**YOUR INSTRUCTIONS**
Transcribe each line of the material as it is, and drop any picture.

== RECORDS SUPPLIED

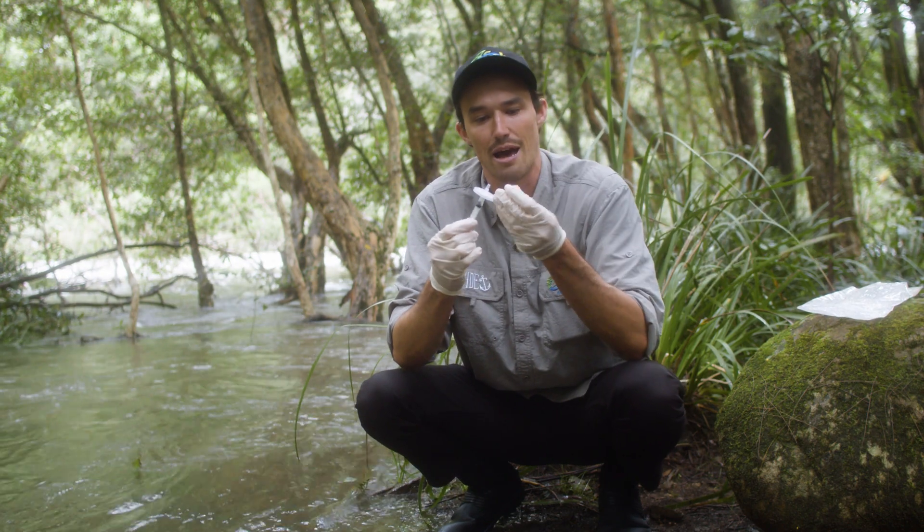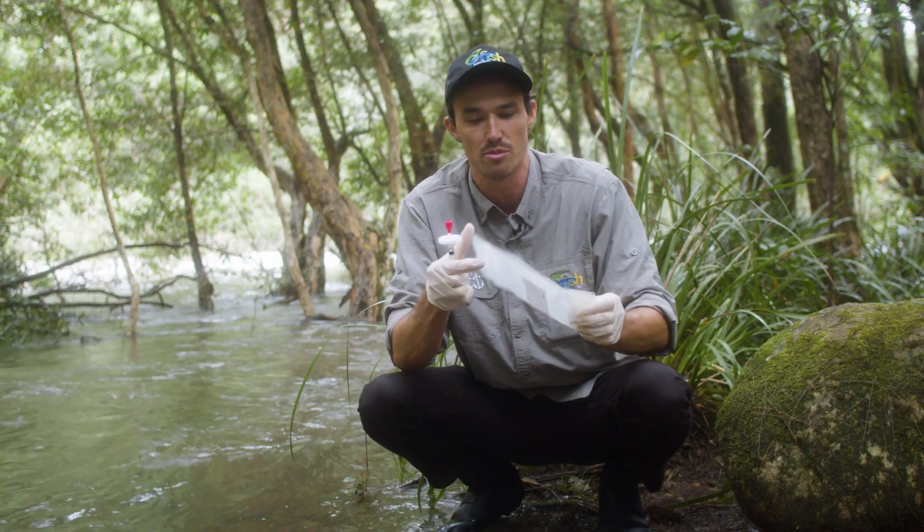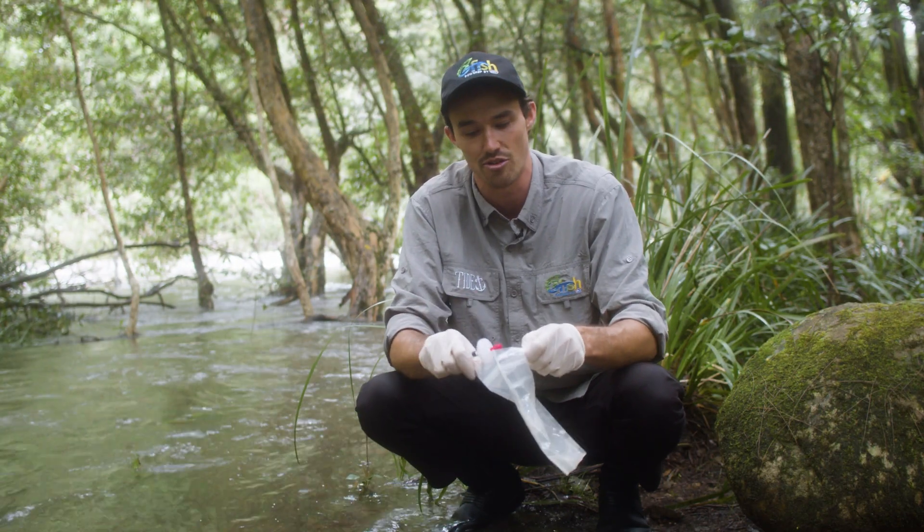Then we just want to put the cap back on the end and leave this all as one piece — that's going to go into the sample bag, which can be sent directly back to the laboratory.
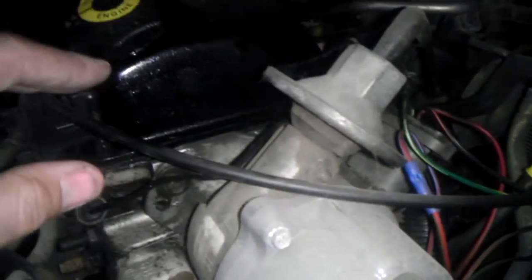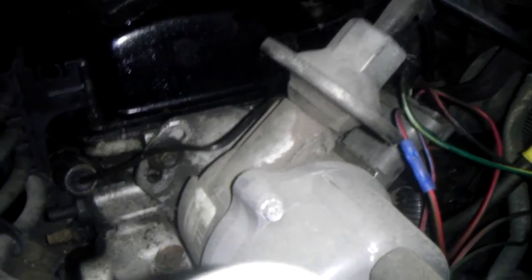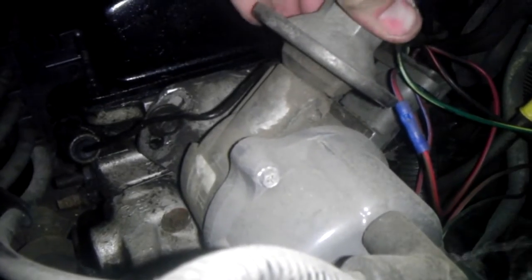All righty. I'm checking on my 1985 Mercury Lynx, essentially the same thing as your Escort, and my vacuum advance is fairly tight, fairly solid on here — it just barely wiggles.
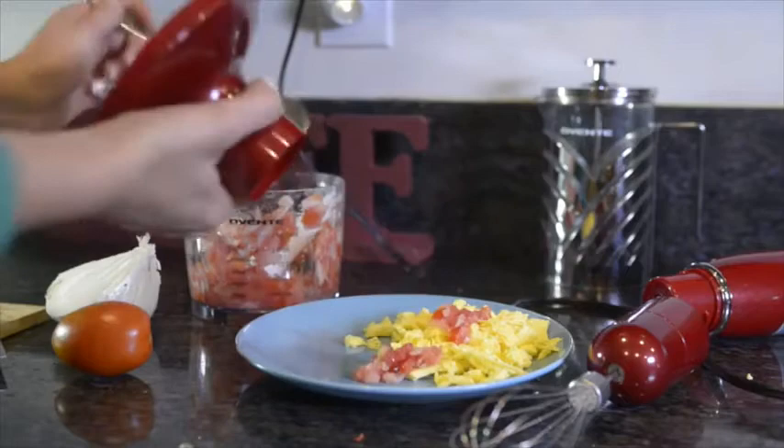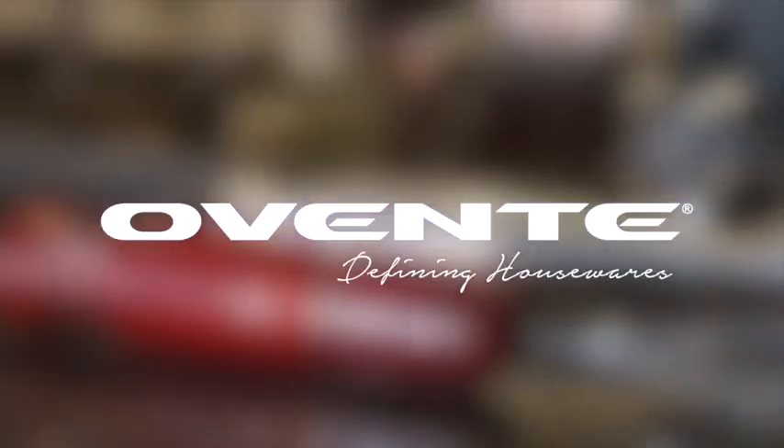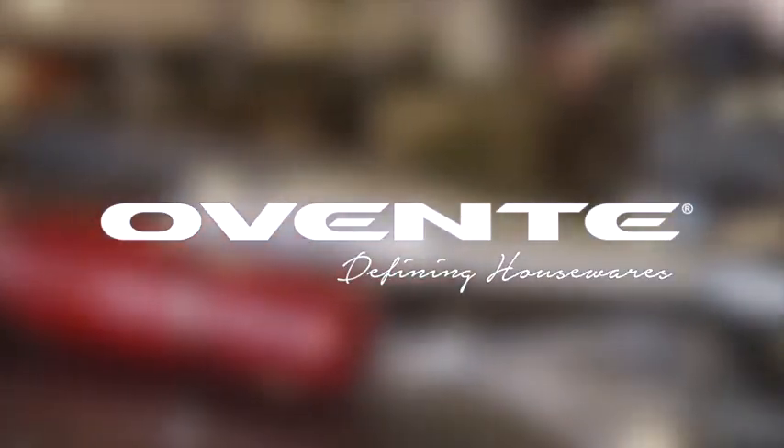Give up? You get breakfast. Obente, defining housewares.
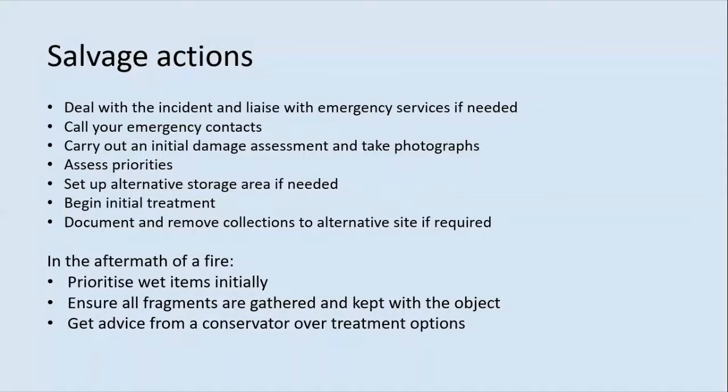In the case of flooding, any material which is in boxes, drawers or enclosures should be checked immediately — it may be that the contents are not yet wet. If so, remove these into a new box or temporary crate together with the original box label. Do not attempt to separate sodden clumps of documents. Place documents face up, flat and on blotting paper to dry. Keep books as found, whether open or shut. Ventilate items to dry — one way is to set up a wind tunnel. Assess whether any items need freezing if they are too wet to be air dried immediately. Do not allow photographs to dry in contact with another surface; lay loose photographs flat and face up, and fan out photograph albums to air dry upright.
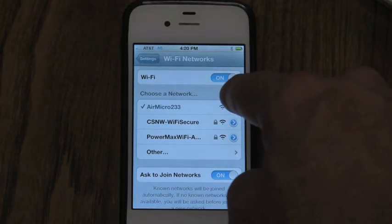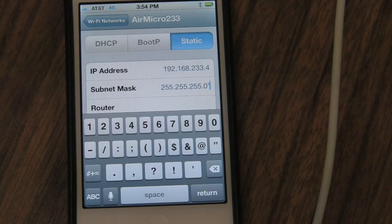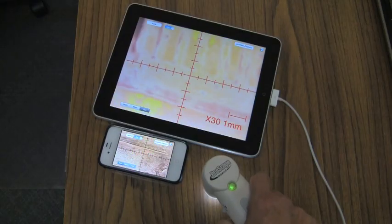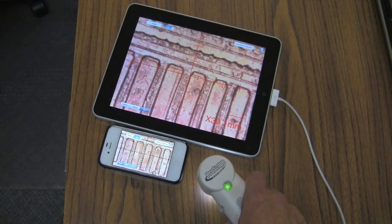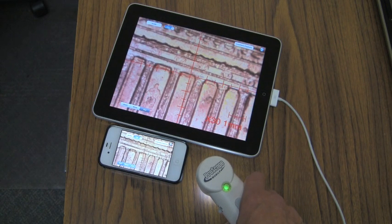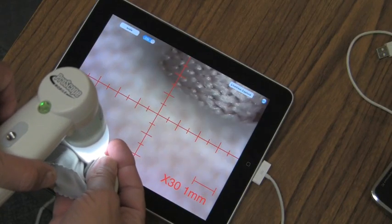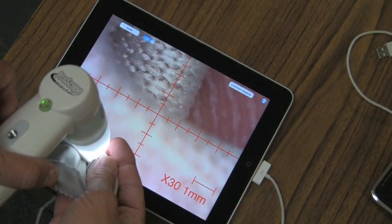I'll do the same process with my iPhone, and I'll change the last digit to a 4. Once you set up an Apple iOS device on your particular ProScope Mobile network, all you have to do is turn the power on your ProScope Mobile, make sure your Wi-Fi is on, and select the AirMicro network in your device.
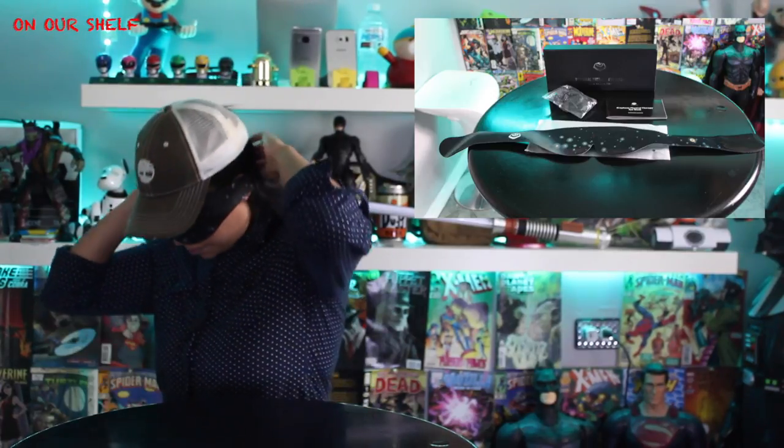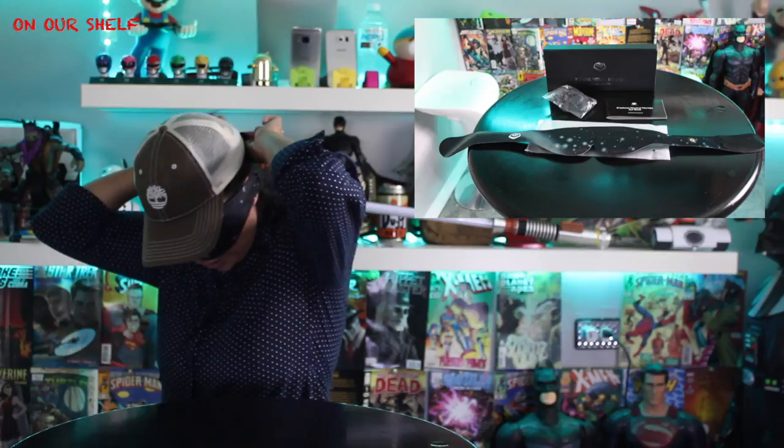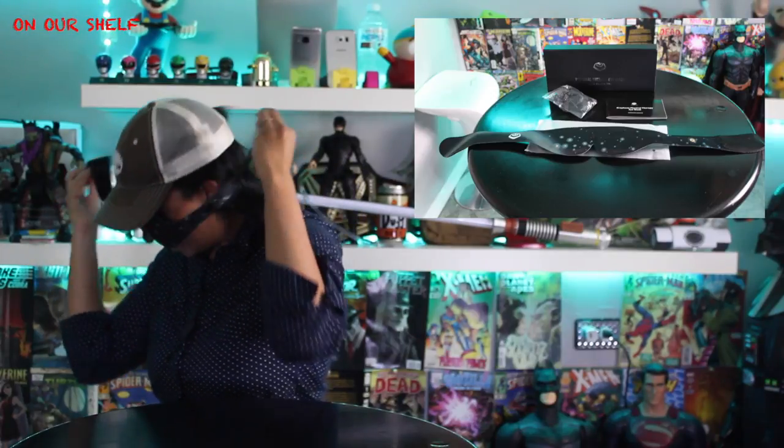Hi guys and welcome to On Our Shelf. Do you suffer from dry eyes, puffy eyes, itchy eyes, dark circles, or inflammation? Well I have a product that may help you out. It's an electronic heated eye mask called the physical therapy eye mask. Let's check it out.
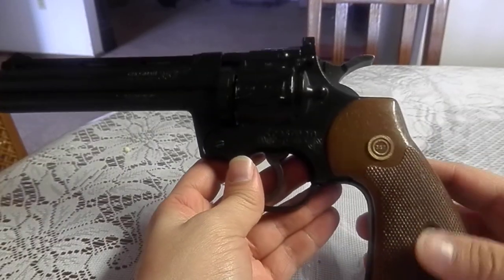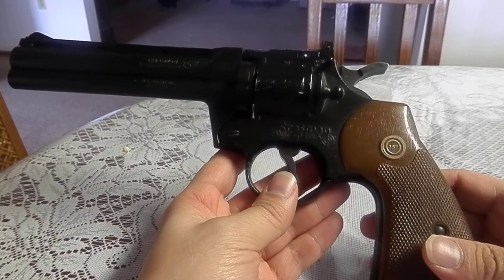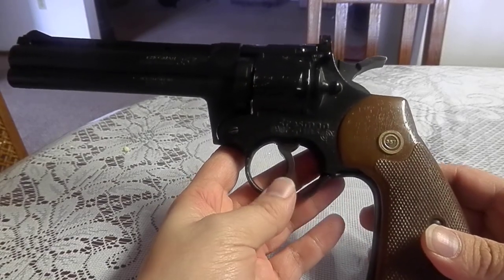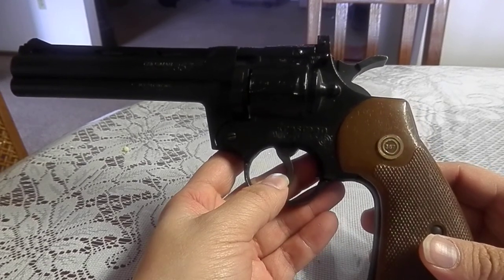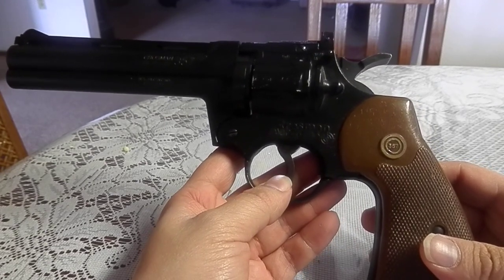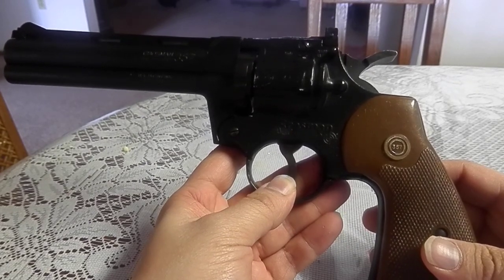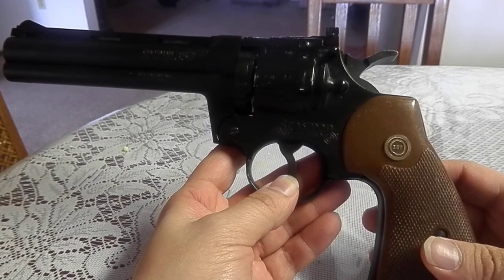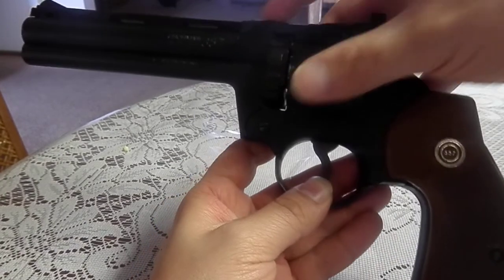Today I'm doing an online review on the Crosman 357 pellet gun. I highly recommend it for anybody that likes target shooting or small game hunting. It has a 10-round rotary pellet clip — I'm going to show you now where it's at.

====

**RESPONSE FOR THIS EXERCISE**
Then we just want to put the cap back on the end and leave this all as one piece — that's going to go into the sample bag, which can be sent directly back to the laboratory.
All righty. I'm checking on my 1985 Mercury Lynx, essentially the same thing as your Escort, and my vacuum advance is fairly tight, fairly solid on here — it just barely wiggles.
Give up? You get breakfast. Obente, defining housewares.
In the case of flooding, any material which is in boxes, drawers or enclosures should be checked immediately — it may be that the contents are not yet wet. If so, remove these into a new box or temporary crate together with the original box label. Do not attempt to separate sodden clumps of documents. Place documents face up, flat and on blotting paper to dry. Keep books as found, whether open or shut. Ventilate items to dry — one way is to set up a wind tunnel. Assess whether any items need freezing if they are too wet to be air dried immediately. Do not allow photographs to dry in contact with another surface; lay loose photographs flat and face up, and fan out photograph albums to air dry upright.
I'll do the same process with my iPhone, and I'll change the last digit to a 4. Once you set up an Apple iOS device on your particular ProScope Mobile network, all you have to do is turn the power on your ProScope Mobile, make sure your Wi-Fi is on, and select the AirMicro network in your device.
Hi guys and welcome to On Our Shelf. Do you suffer from dry eyes, puffy eyes, itchy eyes, dark circles, or inflammation? Well I have a product that may help you out. It's an electronic heated eye mask called the physical therapy eye mask. Let's check it out.
Today I'm doing an online review on the Crosman 357 pellet gun. I highly recommend it for anybody that likes target shooting or small game hunting. It has a 10-round rotary pellet clip — I'm going to show you now where it's at.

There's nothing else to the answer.